**DATASET EXCERPTS:**

++++++++++

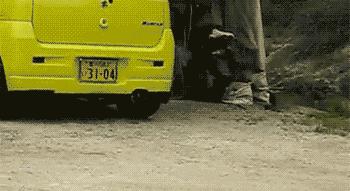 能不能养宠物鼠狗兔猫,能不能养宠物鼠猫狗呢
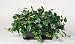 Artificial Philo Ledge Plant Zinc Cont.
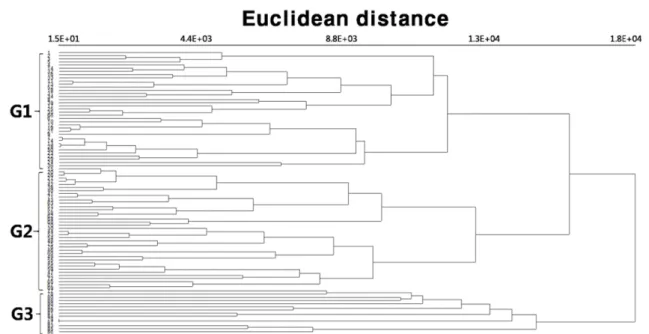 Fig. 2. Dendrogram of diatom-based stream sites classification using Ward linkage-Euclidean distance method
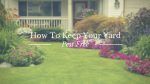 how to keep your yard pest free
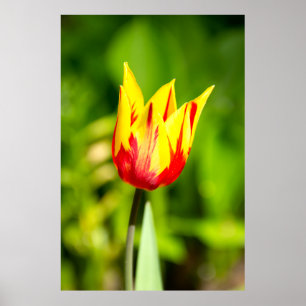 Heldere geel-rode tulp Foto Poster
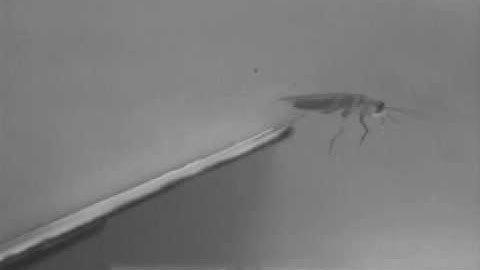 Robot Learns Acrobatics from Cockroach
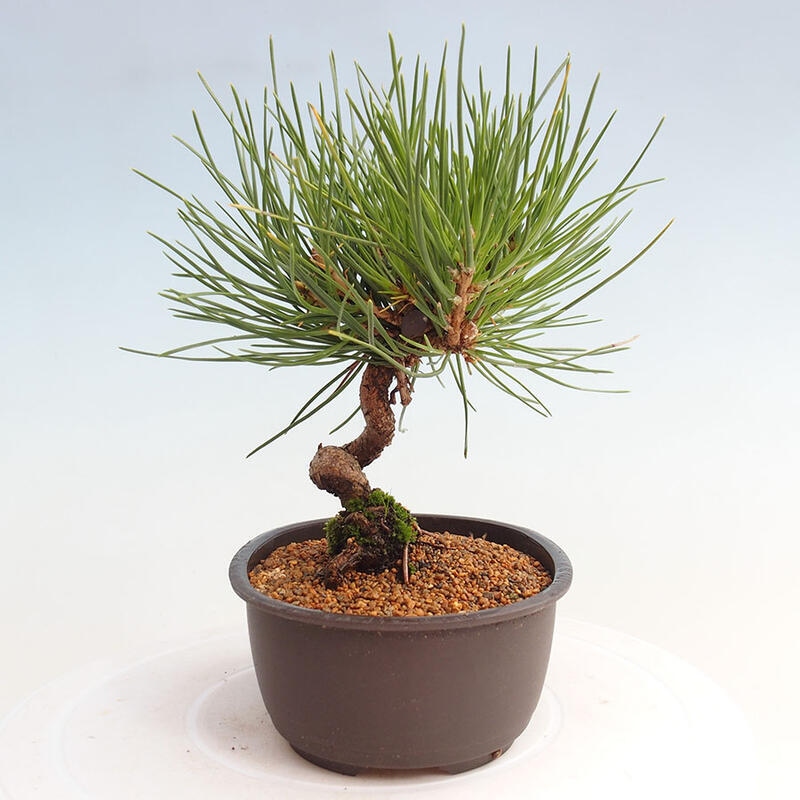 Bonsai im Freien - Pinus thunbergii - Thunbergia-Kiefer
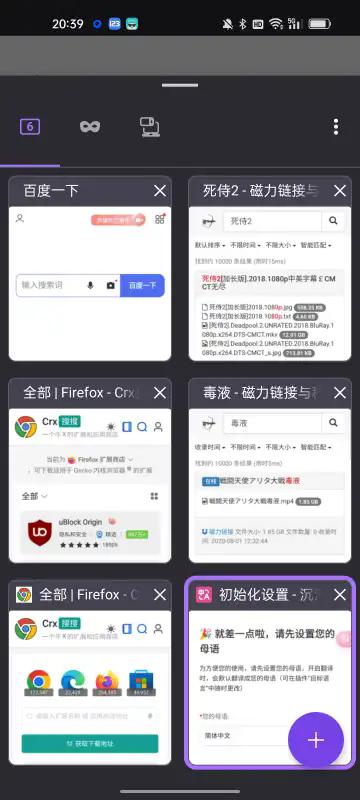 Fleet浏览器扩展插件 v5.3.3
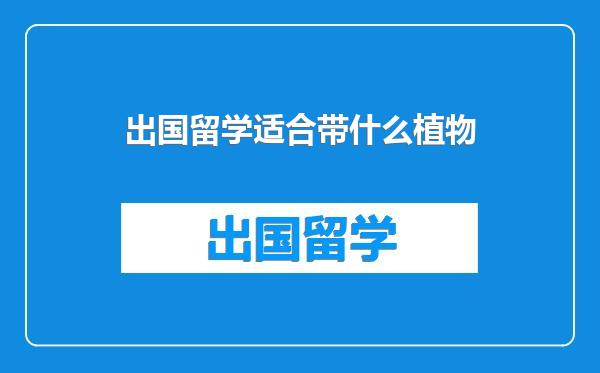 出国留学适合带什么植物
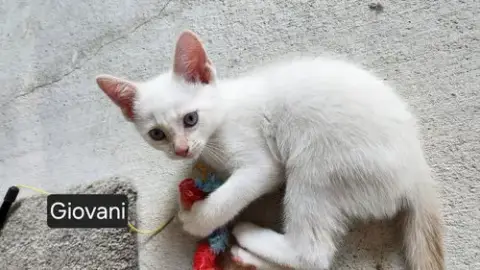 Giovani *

++++++++++

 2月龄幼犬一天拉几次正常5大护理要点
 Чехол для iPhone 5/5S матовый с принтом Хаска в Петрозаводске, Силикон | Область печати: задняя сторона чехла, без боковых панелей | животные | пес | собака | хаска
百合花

++++++++++

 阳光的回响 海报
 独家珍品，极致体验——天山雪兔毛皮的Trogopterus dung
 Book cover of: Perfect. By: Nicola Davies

++++++++++

**TASK TO COMPLETE:** Among the entries above, take the lines from the one with "能不能养宠物鼠狗兔猫,能不能养宠物鼠猫狗呢" through the one with "Heldere geel-rode tulp Foto Poster" and retype them exactly, leaving out the pictures.

**TASK SOLUTION:**
 能不能养宠物鼠狗兔猫,能不能养宠物鼠猫狗呢
 Artificial Philo Ledge Plant Zinc Cont.
 Fig. 2. Dendrogram of diatom-based stream sites classification using Ward linkage-Euclidean distance method
 how to keep your yard pest free
 Heldere geel-rode tulp Foto Poster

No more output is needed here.